## ASSIGNMENT:
No pictures, please: print exactly the lines from the one that contains "Bar counter with" through the last line of the listing.

## DATA EXCERPT:
=== Section Start ===

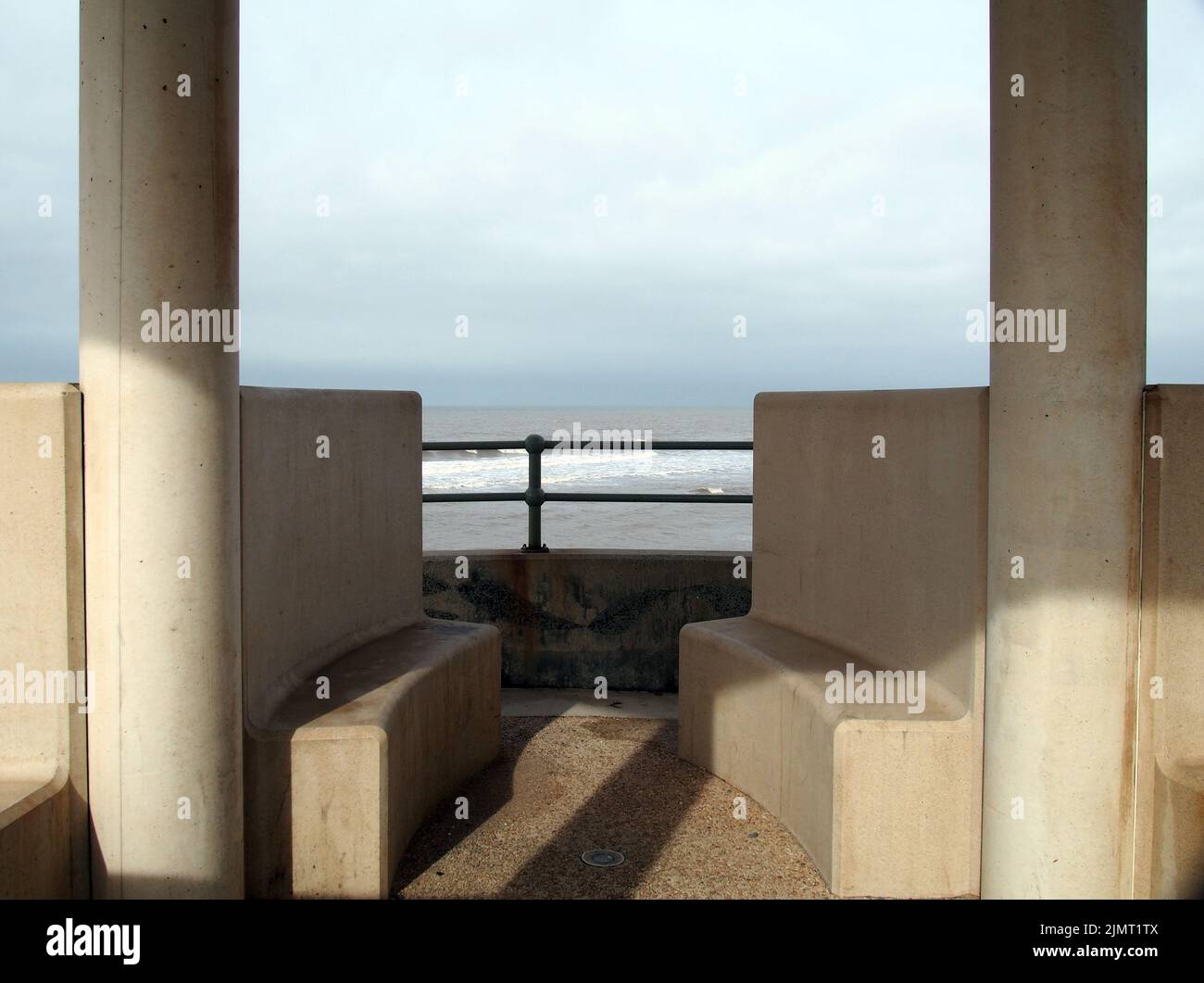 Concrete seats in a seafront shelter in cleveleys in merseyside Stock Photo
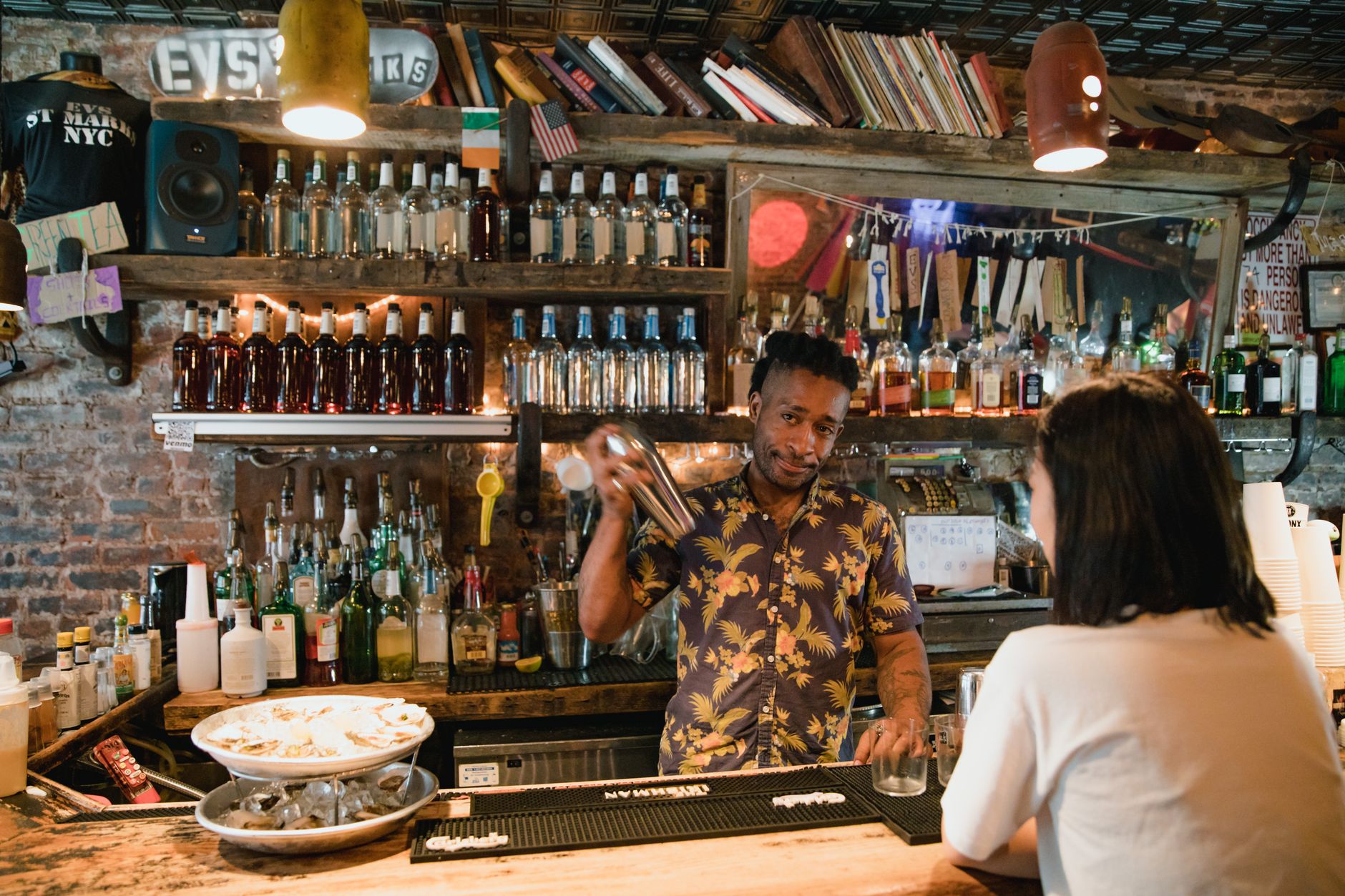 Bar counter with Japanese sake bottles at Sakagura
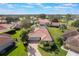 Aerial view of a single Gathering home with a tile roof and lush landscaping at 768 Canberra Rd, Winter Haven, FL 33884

=== Section End ===

## FINISHED TASK:
 Bar counter with Japanese sake bottles at Sakagura
 Aerial view of a single Gathering home with a tile roof and lush landscaping at 768 Canberra Rd, Winter Haven, FL 33884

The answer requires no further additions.